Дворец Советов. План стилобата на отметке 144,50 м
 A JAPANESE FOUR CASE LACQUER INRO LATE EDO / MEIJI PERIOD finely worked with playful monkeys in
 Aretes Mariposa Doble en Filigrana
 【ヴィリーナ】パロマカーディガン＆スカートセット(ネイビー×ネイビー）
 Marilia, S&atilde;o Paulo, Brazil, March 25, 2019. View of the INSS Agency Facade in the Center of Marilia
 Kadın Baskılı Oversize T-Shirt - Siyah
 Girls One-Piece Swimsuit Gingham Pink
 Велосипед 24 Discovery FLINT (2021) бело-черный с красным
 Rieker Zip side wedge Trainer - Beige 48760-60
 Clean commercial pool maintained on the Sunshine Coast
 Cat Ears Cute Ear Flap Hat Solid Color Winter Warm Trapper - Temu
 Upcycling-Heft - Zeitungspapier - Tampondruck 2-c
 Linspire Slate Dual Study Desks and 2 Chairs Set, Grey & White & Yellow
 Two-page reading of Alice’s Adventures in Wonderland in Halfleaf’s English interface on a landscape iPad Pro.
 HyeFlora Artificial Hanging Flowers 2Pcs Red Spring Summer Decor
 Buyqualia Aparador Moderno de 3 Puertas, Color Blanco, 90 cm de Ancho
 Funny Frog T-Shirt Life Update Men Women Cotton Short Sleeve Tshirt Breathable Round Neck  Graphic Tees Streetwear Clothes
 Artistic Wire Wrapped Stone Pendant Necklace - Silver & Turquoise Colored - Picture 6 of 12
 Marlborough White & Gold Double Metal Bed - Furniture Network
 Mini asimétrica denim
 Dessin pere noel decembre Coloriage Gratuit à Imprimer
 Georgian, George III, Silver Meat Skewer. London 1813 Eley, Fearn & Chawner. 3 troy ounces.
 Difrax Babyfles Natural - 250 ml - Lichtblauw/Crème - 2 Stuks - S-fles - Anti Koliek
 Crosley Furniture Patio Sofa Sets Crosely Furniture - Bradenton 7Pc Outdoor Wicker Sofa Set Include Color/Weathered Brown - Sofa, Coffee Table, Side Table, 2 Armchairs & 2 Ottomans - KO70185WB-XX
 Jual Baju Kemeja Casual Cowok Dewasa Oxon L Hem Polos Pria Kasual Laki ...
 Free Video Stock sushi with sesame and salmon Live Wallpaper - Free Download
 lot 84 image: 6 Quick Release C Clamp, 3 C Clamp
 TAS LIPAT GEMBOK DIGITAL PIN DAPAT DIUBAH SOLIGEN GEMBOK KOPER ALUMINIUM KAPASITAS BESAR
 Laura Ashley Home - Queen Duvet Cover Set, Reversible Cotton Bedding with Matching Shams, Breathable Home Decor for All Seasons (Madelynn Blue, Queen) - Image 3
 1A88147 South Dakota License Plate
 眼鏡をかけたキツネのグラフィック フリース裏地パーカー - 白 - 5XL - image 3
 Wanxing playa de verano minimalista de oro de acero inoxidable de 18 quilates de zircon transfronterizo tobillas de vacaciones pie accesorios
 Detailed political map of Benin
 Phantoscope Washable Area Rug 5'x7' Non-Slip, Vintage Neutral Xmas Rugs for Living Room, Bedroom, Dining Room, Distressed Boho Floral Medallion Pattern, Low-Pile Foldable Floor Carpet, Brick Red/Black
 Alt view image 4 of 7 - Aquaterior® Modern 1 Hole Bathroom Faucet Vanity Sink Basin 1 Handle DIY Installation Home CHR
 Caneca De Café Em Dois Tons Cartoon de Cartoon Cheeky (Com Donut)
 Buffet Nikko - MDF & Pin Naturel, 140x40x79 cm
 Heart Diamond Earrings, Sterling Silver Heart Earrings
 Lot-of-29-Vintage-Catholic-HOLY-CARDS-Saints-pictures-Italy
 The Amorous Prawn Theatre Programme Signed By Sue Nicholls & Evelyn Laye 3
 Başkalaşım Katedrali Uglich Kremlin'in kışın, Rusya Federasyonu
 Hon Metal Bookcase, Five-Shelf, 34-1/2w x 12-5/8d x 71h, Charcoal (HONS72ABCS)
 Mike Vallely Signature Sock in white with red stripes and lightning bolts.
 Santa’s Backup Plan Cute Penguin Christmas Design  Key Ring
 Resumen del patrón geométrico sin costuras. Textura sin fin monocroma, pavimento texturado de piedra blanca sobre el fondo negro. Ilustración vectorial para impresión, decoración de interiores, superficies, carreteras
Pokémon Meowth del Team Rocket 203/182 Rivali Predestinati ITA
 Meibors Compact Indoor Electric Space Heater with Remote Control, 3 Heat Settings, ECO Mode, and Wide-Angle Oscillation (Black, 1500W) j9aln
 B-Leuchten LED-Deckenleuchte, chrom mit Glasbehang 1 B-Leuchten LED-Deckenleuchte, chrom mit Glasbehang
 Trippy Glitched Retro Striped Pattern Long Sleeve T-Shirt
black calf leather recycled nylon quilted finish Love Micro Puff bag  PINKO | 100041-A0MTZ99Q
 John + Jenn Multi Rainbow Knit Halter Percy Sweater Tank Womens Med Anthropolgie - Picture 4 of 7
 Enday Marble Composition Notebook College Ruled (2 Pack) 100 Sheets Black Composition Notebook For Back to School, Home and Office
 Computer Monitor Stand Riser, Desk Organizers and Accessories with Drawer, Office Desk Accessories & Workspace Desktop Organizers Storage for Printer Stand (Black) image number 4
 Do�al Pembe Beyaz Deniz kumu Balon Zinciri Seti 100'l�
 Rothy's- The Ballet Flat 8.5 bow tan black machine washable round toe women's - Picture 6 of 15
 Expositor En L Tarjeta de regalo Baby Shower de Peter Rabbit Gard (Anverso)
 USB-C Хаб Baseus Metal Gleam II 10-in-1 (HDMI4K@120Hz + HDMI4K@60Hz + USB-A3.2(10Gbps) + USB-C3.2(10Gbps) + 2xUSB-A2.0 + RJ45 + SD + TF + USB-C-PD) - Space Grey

····················

# What the task asks:
Copy out each line of the listing that holds "Furniture".

# Output:
 Marlborough White & Gold Double Metal Bed - Furniture Network
 Crosley Furniture Patio Sofa Sets Crosely Furniture - Bradenton 7Pc Outdoor Wicker Sofa Set Include Color/Weathered Brown - Sofa, Coffee Table, Side Table, 2 Armchairs & 2 Ottomans - KO70185WB-XX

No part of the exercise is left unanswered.